“The discussions we've had thus far are to have council provide the direction as to what they would like to see for minimum standards to have consistency of application of the incentives across this area,” said Joe Esch, Missouri City director of economic development.
The city’s incentive program is a financial bonus private developers can apply for and use to enhance the aesthetics of a property and satisfy the city’s longstanding goals of revitalizing Texas Parkway, Esch said.
“This and former councils have had the goal of taking a number of the larger properties, which were built decades ago, and redeveloping those centers,” Esch said.
However, he said there are obstacles to economic development on this major city corridor.
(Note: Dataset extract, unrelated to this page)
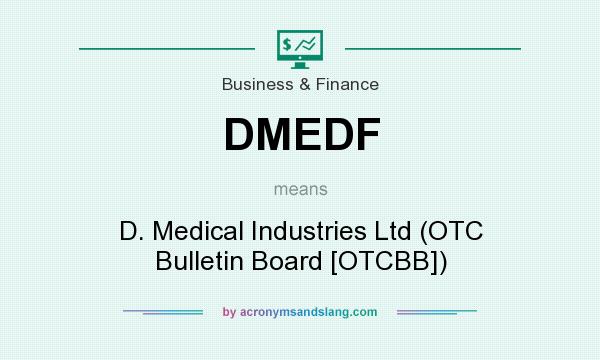What does DMEDF mean? It stands for D. Medical Industries Ltd (OTC Bulletin Board [OTCBB])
“It comes down to an economic question of, 'How much does it cost to redevelop it? What do the rates command? And how does that work out for return on investment to warrant the redevelopment?'" Esch said.
The costs to develop along Texas Parkway and Hwy. 6 in Missouri City are essentially the same, Esch said. The difference, he said, is the rental rates.
Rental rates on Texas Parkway range from $9-$13 per square foot, Esch said, whereas on Hwy. 6, they can range from $28-$32 per square foot. Multiple factors contribute to this difference, including exposure to traffic, growth in housing and the footprints of some of the available spaces, Esch said.
Esch said because Missouri City does not own any property along Texas Parkway, the city relies on private owners who want to develop or redevelop. To promote this process, Missouri City is utilizing incentives.
“The incentives that are in place recognize that there may be a difference between what the private sector can justify based off of the economics and what the projects cost so the city can accomplish its objectives,” Esch said.
To further meet this goal, Council Member Anthony Maroulis said that, among other qualities, he is looking for the next city manager to have a strong background in economic development.
“The next city manager has to be good at economic development,” Maroulis said. “[Missouri City is] unique: We're a bedroom community, but we have a lot of opportunity to leverage the commercial side.”
Because Missouri City does not have 4A or 4B economic development corporation, which use sales tax, like neighboring Sugar Land does, some of the budget for incentives comes from the city’s tax increment reinvestment zones.
“We're not a part of the 4A/4B,” Maroulis said. “So, how do you get creative and leverage what we currently have to bring in large corporations to bring in new technology?”
Despite the challenges, Esch said development and redevelopment projects are happening along Texas Parkway. These include the HCC campus, which Esch said is the largest single investment on Texas Parkway in decades, and other private developments.
“Good things are happening, and more good things are to come,” Esch said.